I’m sorry that this is so frustrating for you.

Clearly this is an issue for a couple of folks but I’ve not heard of it being a widespread problem so let’s see if we can find any commonalities:

  • can you share a link to a site where this is broken?
  • can you share any of your sign-in with Twitter code / what language, libraries or frameworks are you using in your apps?
  • what browsers does this occur in?
  • there’s mention earlier in this thread of this affecting a user switch rather than a fresh sign-in, can we narrow this down specifically?

re: TweetDeck, the only change I’m aware of is that now TweetDeck shares the main twitter.com cookie so that a user login can flow between both sites, I don’t think there is necessarily any relationship to the problem being described, but I can’t be sure.


#11

First, we can effectively narrow to the case of a user switch

The original problem I had, that was solved for a few days and then has appeared again is effectively when you come to Twitter authorization page https://api.twitter.com/oauth/authorize?oauth_token=M65dkAAAAAAAeoLPAAABU_Scfew, being already logged. If you log out from the top right menu of this page and fill in a new user ID / password, you get the “no request token for this page”

To give you request details, this happens on the website getwonderboard.com which is using PHP OAuth through Abraham library https://github.com/abraham/twitteroauth and it happens in any browser

But I am pretty sure that the problem is internal to twitter authentication, I made the test picking a website randomly in a google search : http://dabr.co.uk/ and I get the same problem


#12

OK yes I see - it does seem specific to logging out of Twitter and back in during an OAuth flow, which causes the token to vanish. I’ll see if I can learn anything about any recent change here.


#13

Interestingly though, I’ve just gone through the same process with another site, from an account with no 2FA to another one with 2FA, and the token was maintained. Curiouser…


#14

@andypiper My experience is every Sign in with Twitter page, too. It actually happens here on twittercommunity as well, although in that case it’s a little obscured because of the popup + second tab:

  1. Log out on twittercommunity
  2. go to twitter.com
  3. log in with an account that has not been authorized for twittercommunity
  4. come to twittercommunity
  5. click Log In
  6. click Sign Out in the popup window
  7. try to sign in with any other credentials in the new tab/window
  8. -> No Request Token error

The reason I mentioned tweetdeck was just because that change to how Sign Out works was made right around that time (it signs you out everywhere, which is really annoying for anyone with multiple accounts, but a slightly separate problem).

Edit: on my own site I’m using nodejs and passport-twitter, but I think this is an issue on the Twitter OAuth side.


#15

Any news on the resolution of this problem that is still there


#16

Typepad has also been having this exact same issue after it working for years.
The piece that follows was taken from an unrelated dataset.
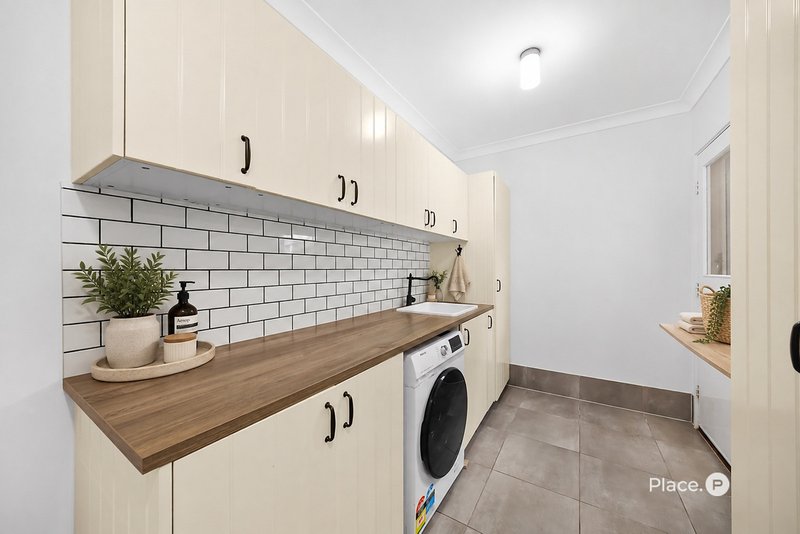 Photo - 6 Pine Place, Upper Kedron QLD 4055 - Image 15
It appears that the oauth token cookie, if present, now takes precedent over the NEW oauth token provided in the query string of the uri to api.twitter.com/oauth/authorize?oauth_token=
If a user logged into Typepad yesterday via Twitter, logged out of Typepad, closed the browser, went to sleep, and now today, logs into Typepad via Twitter, they will get the now famous No Request Token because yesterday’s oauth token cookie is stale and used. Why does Twitter not use the oauth token in the query string?

What changed? This used to work just fine. Now unless a user manually clears cookies, it will fail every time. Users not happy.


#17

The problem seems to have been fixed at least on my site!